LifeTrek Coaching said...

I so enjoyed reading your account of your recent travels. I may have told you that my father and I ran the Athens marathon in 2003, which, as you know, follows the original route. The course was hellish (6 miles flat, 13 up and 6 down), but I highly recommend the experience!

Even more meaningful, however, was your description of Bosnia. William & Mary sends a group of six students to Zenica (central Bosnia) for 4-6 weeks each summer to work with children through an organization called Sezam -- which means "Open Sesame" and symbolizes the opening of a child's heart. Sezam has many of the same aims as the Peace Flame House, apparently.

They were the first NGO in Bosnia after the war and have continued to work to help children and families to deal with the aftermath by running workshops for parents and teachers, and teaching self-esteem and non-violent communication skills to children and teenagers. W&M students who go during the summer teach English and support the non-violent communication program, which is also based on the work of Rosenberg and the Center for Nonviolent Communication, I believe.

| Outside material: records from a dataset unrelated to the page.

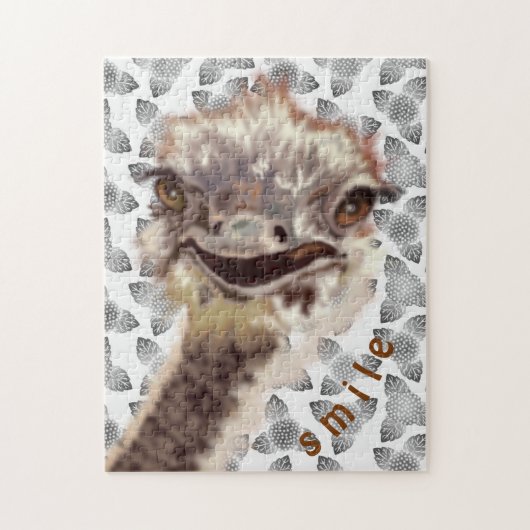 Happy Ostrich - Lächeln - Puzzle (Vertikal)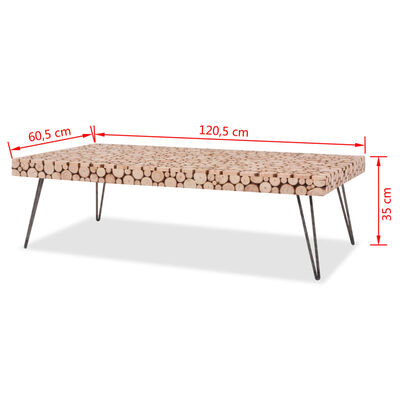 vidaXL Coffee Table Genuine Fir Wood 120.5x60.5x35 cm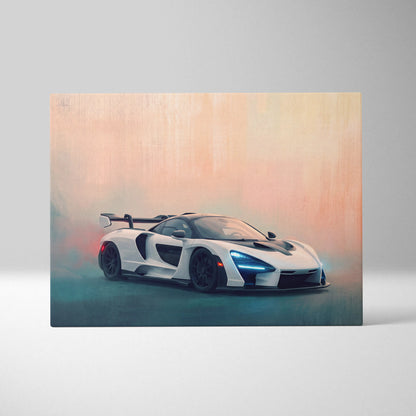 White mclaren senna inspired canvas art featuring a stylized sports car with black accents and glowing blue headlights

I had the privilege of coordinating W&M's program for three years when I worked at the Reves Center, and I got to visit for a week while the students were there in the summer of 2001. I spent most of the time in Zenica, but also got to spend a day in Sarajevo, as well as side trips to some of the nearby smaller towns. It was, without a doubt, one of the most powerful experiences I have ever had in my professional and personal life.

Although I am no longer involved in the program in any official capacity, I am so happy that it is still going and continues to evolve after 10 years. I envy this year's group of students, who leave for Bosnia on Tuesday, in fact. They cannot fully grasp what lies ahead of them and I am excited to think of how they may be affected by the experience. (It is fascinating to me to know where some of our Bosnia Project alums have gone in life -- founding their own international non-profit organizations to help struggling communities, working for human rights in Rwanda and Myanmar, some even returning to Bosnia.) I know it broadened my thinking about the world, about war, about Islam, about resilience, about so many things.

Someday, when I am working and can afford international travel again, I want to return to Bosnia, this time with my husband. I hope that many of the reminders of the war that remained in 2001 -- land mine zones, bullet-riddled walls, etc -- will have been repaired by that time, and I hope economic conditions will have improved vastly, but I expect it would still be a stirring experience for him, as well as for me. Thanks for your account of your trip and, by extension, the opportunity to reflect on my own.